Tuesday, September 04, 2012

Collection Plan Rejected Again

Councilman William Reid dislikes debt collectors so much that he would rather see the city lose up to half a million dollars in court fines rather than seek an agency to recoup the money. Councilwoman Rebecca Williams says letting the fines slide is a slap in the face to officers who wrote the tickets and "makes a mockery of the court."

So went the latest standoff over the administration's proposal to seek a collection firm for $750,000 in fines owed to the Plainfield Municipal Court. The council was asked Tuesday to authorize a "request for proposals" with a proviso that the selected company could keep up to 22 percent of what is collected.
Only four council members were present Tuesday and there was no consensus to move the resolution to the agenda at the Sept. 10 regular meeting.

In public comment, resident and blogger Dr. Harold Yood urged the objectors to reconsider, saying the offenders likely had multiple fines. He acknowledged Reid's concerns about debt collectors, but said,"You are dealing with people who broke the law."

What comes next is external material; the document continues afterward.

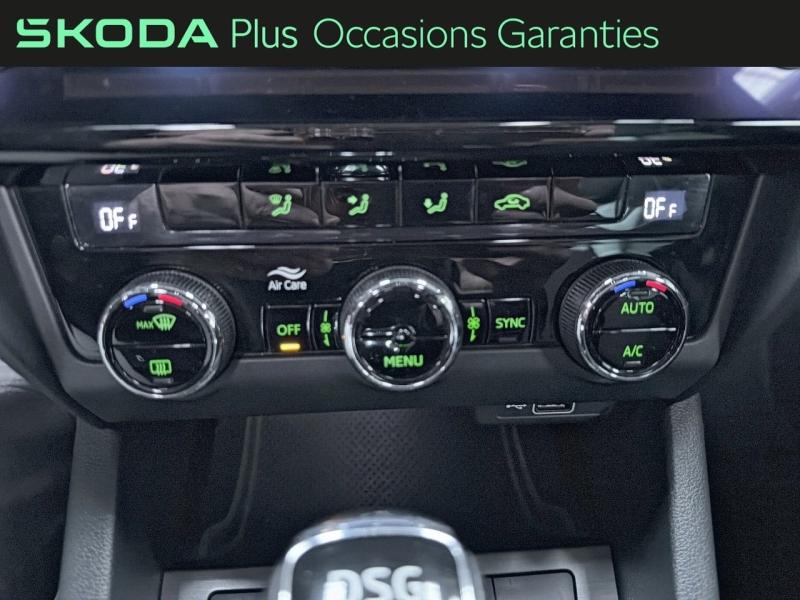 Voitures occasions ŠKODA Octavia Combi Edition Clermont-Ferrand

Yood said, "Compassion is great - it's wonderful. But you are not dealing with the average citizen. You are dealing with people who constantly (flaunt) the law."

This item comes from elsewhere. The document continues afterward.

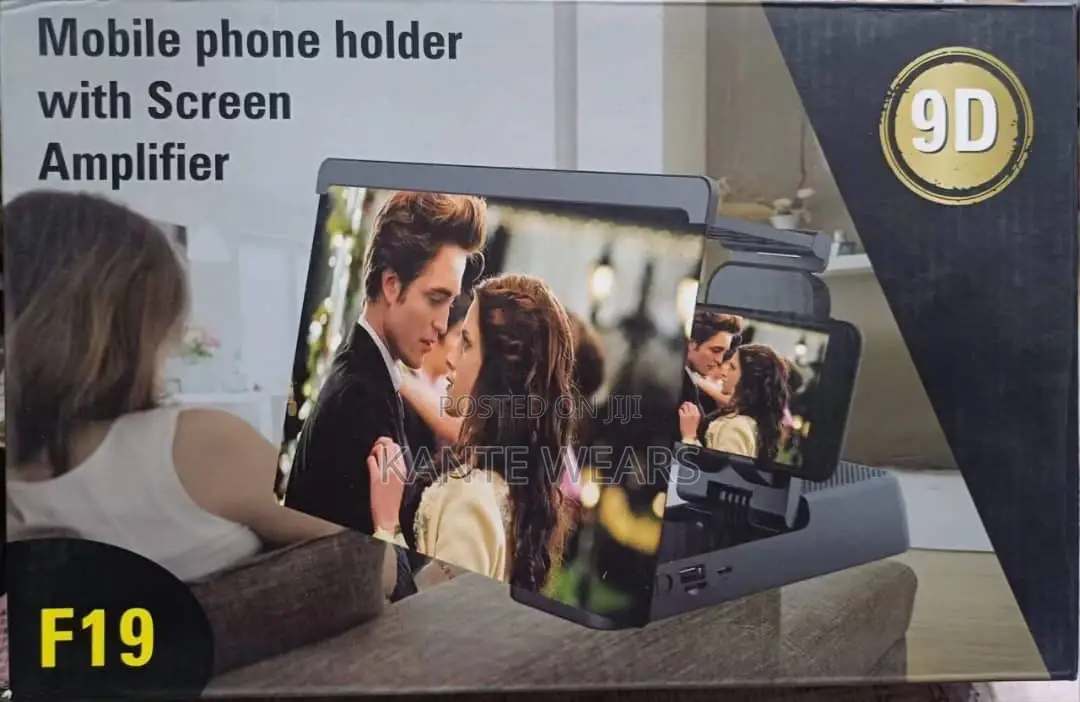F19 Mobile Phone Holder With Screen Bluetooth Speaker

His words did not sway Reid, even though the councilman had just cited an instance of trying to help someone who could not get out of jail until he paid off numerous traffic tickets in half a dozen towns.

Public Works Director Eric Jackson, sitting in Tuesday for City Administrator Eric Berry, said Municipal Court officials had asked the administration to bring back the collection measure, which had been rejected last month.

Jackson said the administration would be sensitive to Reid's concerns and noted many fines were owed by people outside the city.

"We're not intending to beat down residents," Jackson said, urging reconsideration.

Note: Whatever past experience may have soured Reid on debt collection, debtors now have new safeguards against harassment in the federal Fair Debt Collection Practices Act of 2011. The Federal Trade Commission enforces its provisions. Debt collectors may no longer call people at odd hours or at work and may not tell others why they are trying to track down the debtor. The legislation was not mentioned at the council meeting, but Plaintalker encourages a look at it and also urges reconsideration of the proposed legislation sought by court officials.